Shawn Alexander Chester

Fourth Advisor

Denis L. Blackmore

Fifth Advisor

Christopher Batty

Abstract

This dissertation is developed in the field of Computational Fluid Dynamics (CFD) and it focuses on numerical simulations of the dynamics of thin viscoelastic films in different settings. The first part of this dissertation presents a novel computational investigation of thin viscoelastic films and drops, that are subject to the van der Waals interaction force, in two spatial dimensions. The liquid films are deposited on a flat solid substrate, that can have a zero or nonzero inclination with respect to the base. The equation that governs the interfacial dynamics of the thin films and drops is obtained within the long-wave approximation of the Navier-Stokes equations, with the Jeffreys model for viscoelastic stresses. The effects of viscoelasticity and the substrate slippage on the dynamics of thin viscoelastic films are investigated. Moreover, the effects of viscoelasticity on drops that spread or recede on a prewetted flat substrate are analyzed. For dewetting films, the numerical results show the presence of multiple secondary droplets for higher values of the relaxation time, consistently with experimental findings. These secondary length scales are found to be suppressed by gravitational effects when the case of dewetting films on inverted planes is analyzed. For spreading and receding drops on flat, prewetted substrates, viscoelastic effects are found to lead to deviations from the Cox-Voinov law for partially wetting fluids. In general, viscoelasticity enhances the spreading and suppresses the retraction of viscoelastic drops, compared to Newtonian ones.

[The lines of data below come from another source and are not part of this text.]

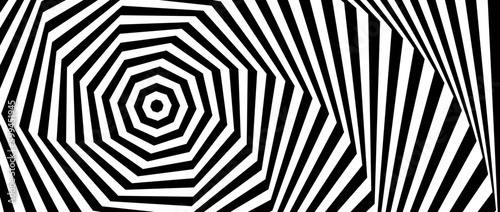 Optical illusion background. Black and white abstract geometric spiral surface. Poster design. Torsion illusion wallpaper. Vector illustration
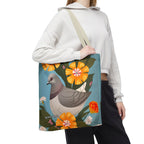 Pigeon and Yellow Flowers Tote Bag with Cotton Handles For Everyday Use, 3 Sizes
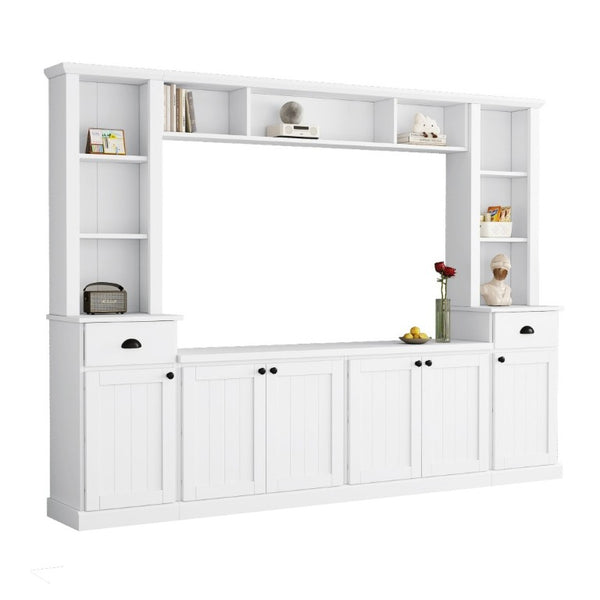 English Elm Tv Stand Modular Wall Unit with Adjustable Bridge Pier Cabinets and Open Shelving White WF320396AAK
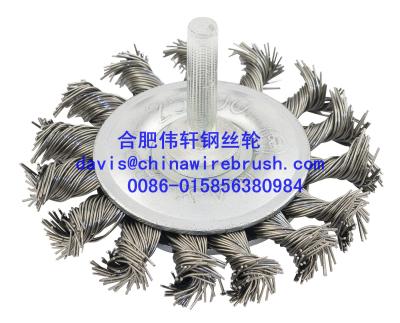 China Knotted Wire Bevel Brush With Shaft for sale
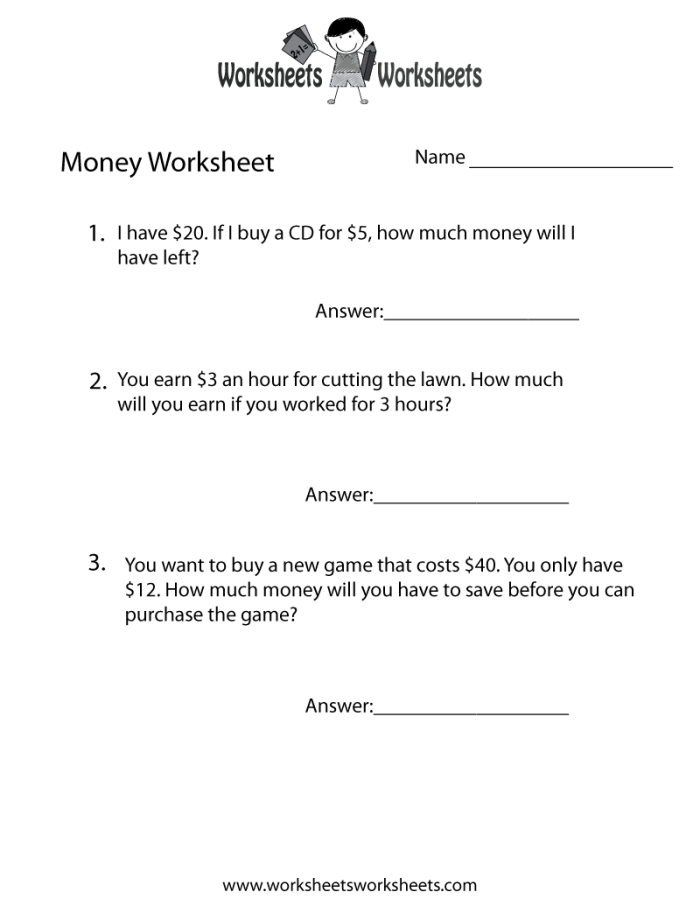 Second-grade students working on a Spending Money Word Problems worksheet featuring number bonds and subtraction. Engaging math problems for young learners to enhance their money skills.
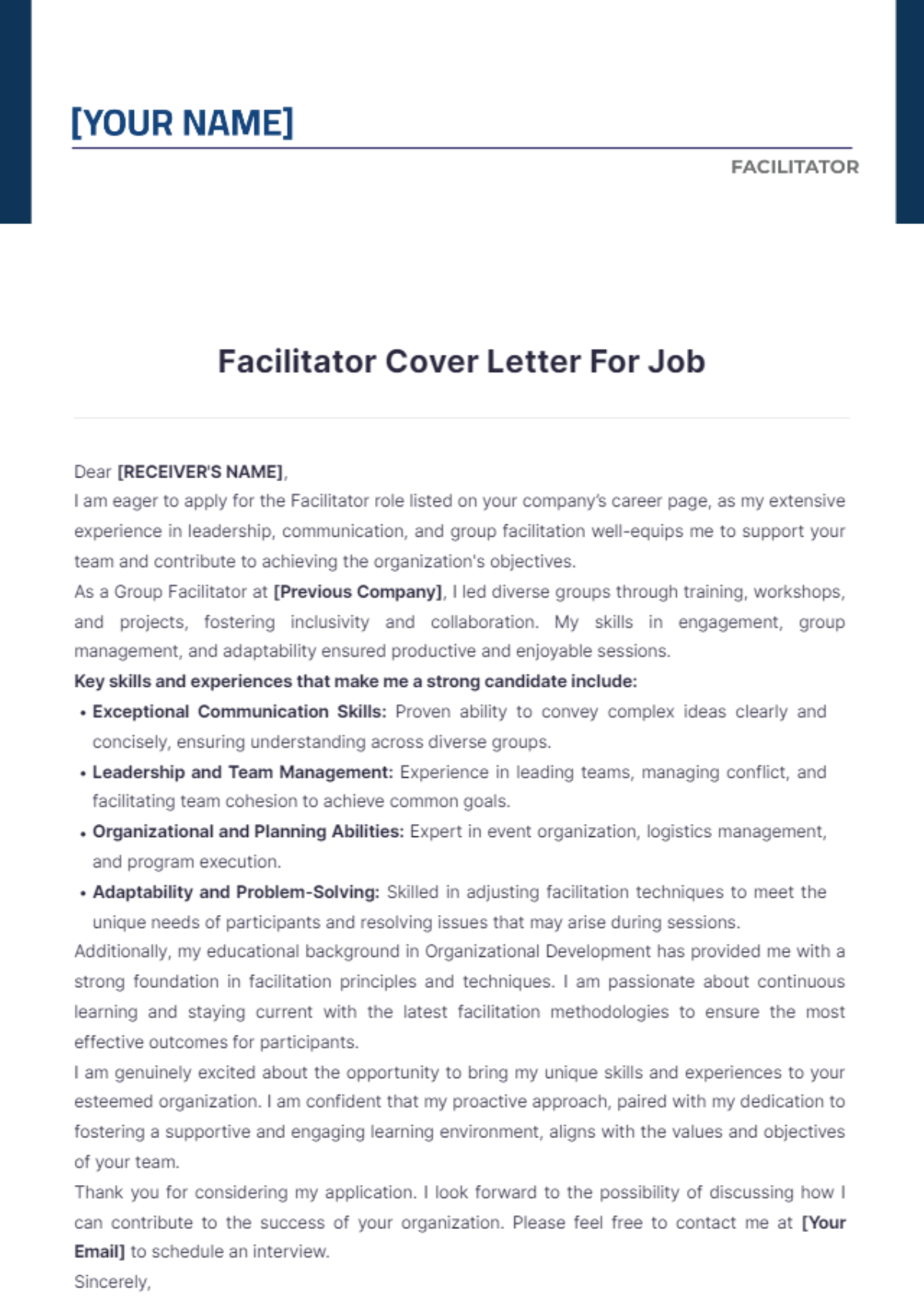 Facilitator Cover Letter For Job - Edit Online & Download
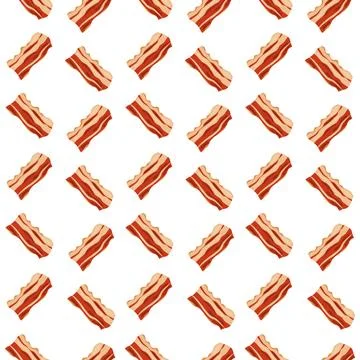Seamless Pattern with Bacon Slices on White Background Food Texture Flat Stock Illustration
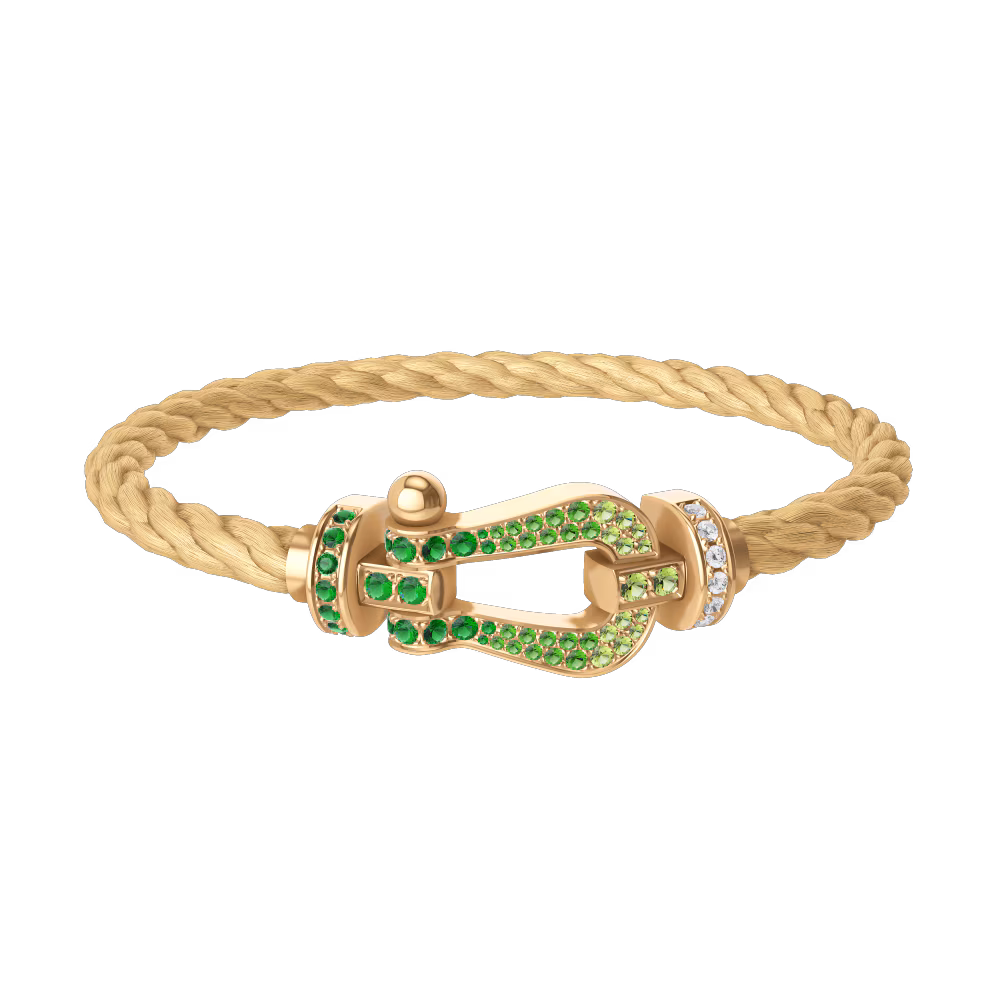 FORCE 10 BRACELET 18K YELLOW GOLD AND COLORED STONES LARGE MODEL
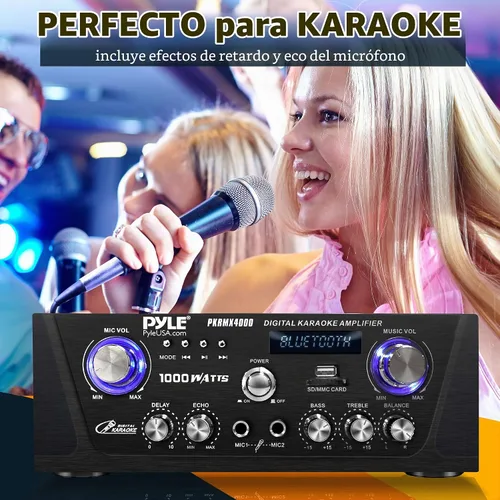 Vista 5 de Pyle Amplificador de karaoke digital Bluetooth para el hogar, receptor de audio para el hogar de 600 W con pantalla LED, ventilador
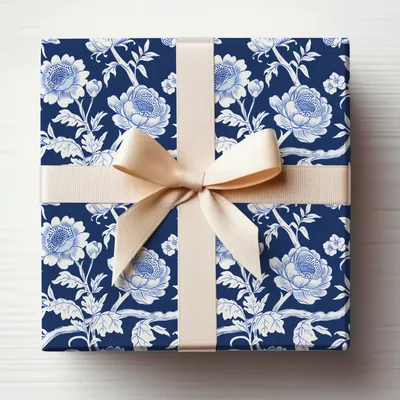 Blue Seamless Chinoiserie Flower Pattern Digital
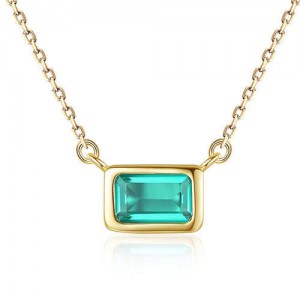 Elegant French Style Green Square Pendant Wholesale 925 Sterling Silver Necklace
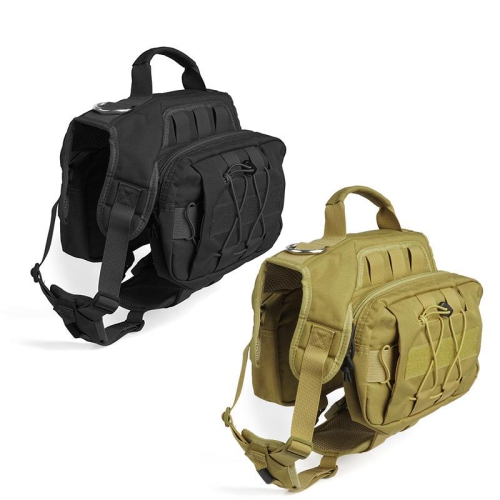 Tactical Pet Backpack - Durable Nylon with Side Pockets, Top Handle and Leash D-Ring - Comfortable and Breathable, Great for Hiking/Camping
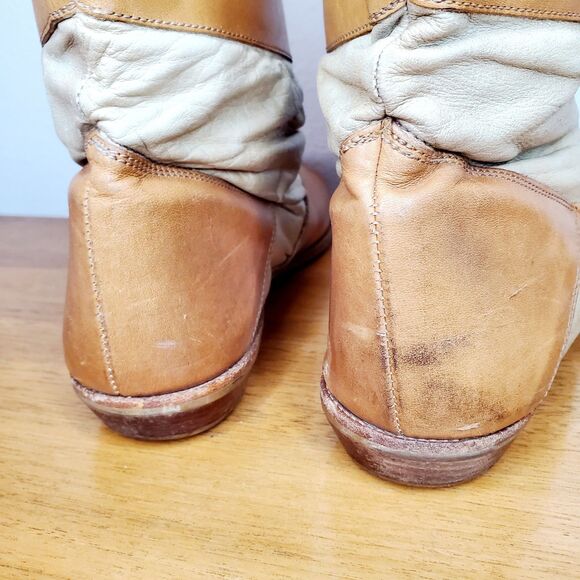 VTG Leather Slouchy Cowboy Boots Peter Pan Pull On Shoes Western Casual SZ 12N - Picture 9 of 12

The second part of this dissertation presents a novel numerical investigation of the dynamics of free-boundary flows of viscoelastic liquid membranes, not necessarily deposited on solid substrates. The governing equation describes the balance of linear momentum, in which the stresses include the viscoelastic response to deformations of Maxwell type. A penalty method is utilized to enforce near incompressibility of the viscoelastic media, in which the penalty constant is proportional to the viscosity of the fluid. A finite element method is used, in which the slender geometry representing the liquid membrane is discretized by linear three-node triangular elements under plane stress conditions. Two applications of interest are considered for the numerical framework provided: shear flow, and extensional flow in drawing processes. Finally, the last part of this dissertation considers the expansion of the study of the dynamics of viscoelastic membranes by applying the general theory of shells, in which any application of loading or external forces causes both bending and stretching, so that buckling or wrinkling phenomena can be investigated as future work.